In [1]:
from copy import deepcopy
from pathlib import Path
from random import shuffle

from miditok import TokenizerConfig
from miditok.pytorch_data import DatasetMIDI, DataCollator
from miditok.utils import split_files_for_training
from miditok.data_augmentation import augment_dataset
from torch import Tensor, argmax
from torch.utils.data import DataLoader
from torch.cuda import is_available as cuda_available, is_bf16_supported
from torch.backends.mps import is_available as mps_available
from transformers import AutoModelForCausalLM, MistralConfig, Trainer, TrainingArguments, GenerationConfig
from transformers.trainer_utils import set_seed
from tqdm import tqdm
import torch
from symusic import Score
from hello_remi import ChordREMI

  from .autonotebook import tqdm as notebook_tqdm


In [None]:
TOKENIZER_PARAMS = {
    "special_tokens": ["PAD", "BOS", "EOS"],
    "use_tempos": True,
    "use_programs": False,  # no multitrack here
    "num_tempos": 32,
    "tempo_range": (50, 200),  # (min_tempo, max_tempo)
    "log_tempo": True,
    "additional_params": {
        "use_chord_tokens": True  # 确保配置中包含和弦token
    }
}
config = TokenizerConfig(**TOKENIZER_PARAMS)

# Creates the tokenizer
tokenizer = ChordREMI(config)

In [None]:
print(len(tokenizer))
tokenizer.save("tokenizer_exp_02.json")

In [2]:
tokenizer = ChordREMI(params="tokenizer_exp_02.json")
print(len(tokenizer))

362


In [None]:
# Split MIDI paths in train/valid/test sets
total_num_files = len(midi_paths)
num_files_valid = round(total_num_files * 0.15)
num_files_test = round(total_num_files * 0.05)
shuffle(midi_paths)
midi_paths_valid = midi_paths[:num_files_valid]
midi_paths_test = midi_paths[num_files_valid:num_files_valid + num_files_test]
midi_paths_train = midi_paths[num_files_valid + num_files_test:]

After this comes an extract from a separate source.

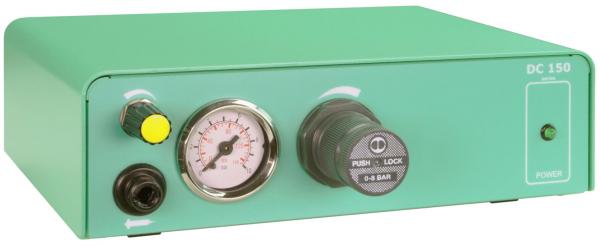The image shows a green device with a rectangular casing. On the front, there is a pressure gauge, a rotary control, and three buttons. It is labeled with "DC 150" and "POWER".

# Chunk MIDIs and perform data augmentation on each subset independently
for files_paths, subset_name in (
    (midi_paths_train, "train"), (midi_paths_valid, "valid"), (midi_paths_test, "test")
):

    # Split the MIDIs into chunks of sizes approximately about 1024 tokens
    subset_chunks_dir = Path(f"exp_{subset_name}_02")
    split_files_for_training(
        files_paths=files_paths,
        tokenizer=tokenizer,
        save_dir=subset_chunks_dir,
        max_seq_len=1024,
        num_overlap_bars=2,
    )

    # Perform data augmentation
    augment_dataset(
        subset_chunks_dir,
        pitch_offsets=[-12, 12],
        velocity_offsets=[-4, 4],
        duration_offsets=[-0.5, 0.5],
    )


In [None]:
midi_paths_train = list(Path("exp_train_02").glob("**/*.mid")) + list(Path("exp_train_02").glob("**/*.midi"))
midi_paths_valid = list(Path("exp_valid_02").glob("**/*.mid")) + list(Path("exp_valid_02").glob("**/*.midi"))
midi_paths_test = list(Path("exp_test_02").glob("**/*.mid")) + list(Path("exp_test_02").glob("**/*.midi"))
kwargs_dataset = {"max_seq_len": 1024, "tokenizer": tokenizer, "bos_token_id": tokenizer["BOS_None"], "eos_token_id": tokenizer["EOS_None"]}
dataset_train = DatasetMIDI(midi_paths_train, **kwargs_dataset)
dataset_valid = DatasetMIDI(midi_paths_valid, **kwargs_dataset)
dataset_test = DatasetMIDI(midi_paths_test, **kwargs_dataset)

In [None]:
# Creates model
model_config = MistralConfig(
    vocab_size=len(tokenizer),
    hidden_size=512,
    intermediate_size=2048,
    num_hidden_layers=6,
    num_attention_heads=8,
    num_key_value_heads=4,
    sliding_window=256,
    max_position_embeddings=2048,
    pad_token_id=tokenizer['PAD_None'],
    bos_token_id=tokenizer['BOS_None'],
    eos_token_id=tokenizer['EOS_None'],
)
model = AutoModelForCausalLM.from_config(model_config)
print(len(tokenizer))

In [None]:
def compute_metrics(eval_pred):
    """
    使用纯PyTorch计算准确率，不依赖外部metrics库
    
    :param eval_pred: 包含predictions和labels的元
    :return: 包含accuracy的字典
    """
    predictions, labels = eval_pred
    predictions = torch.tensor(predictions)
    labels = torch.tensor(labels)
    
    # 创建掩码，排除padding标记(-100)
    not_pad_mask = labels != -100
    
    # 过滤掉padding标记
    filtered_labels = labels[not_pad_mask]
    filtered_predictions = predictions[not_pad_mask]
    
    # 计算准确率：正确预测的数量除以总数量
    correct_predictions = (filtered_predictions == filtered_labels).sum().item()
    total_predictions = filtered_labels.numel()
    
    accuracy = correct_predictions / total_predictions if total_predictions > 0 else 0.0
    
    return {"accuracy": accuracy}

def preprocess_logits(logits: Tensor, _: Tensor) -> Tensor:
    """
    Preprocess the logits before accumulating them during evaluation.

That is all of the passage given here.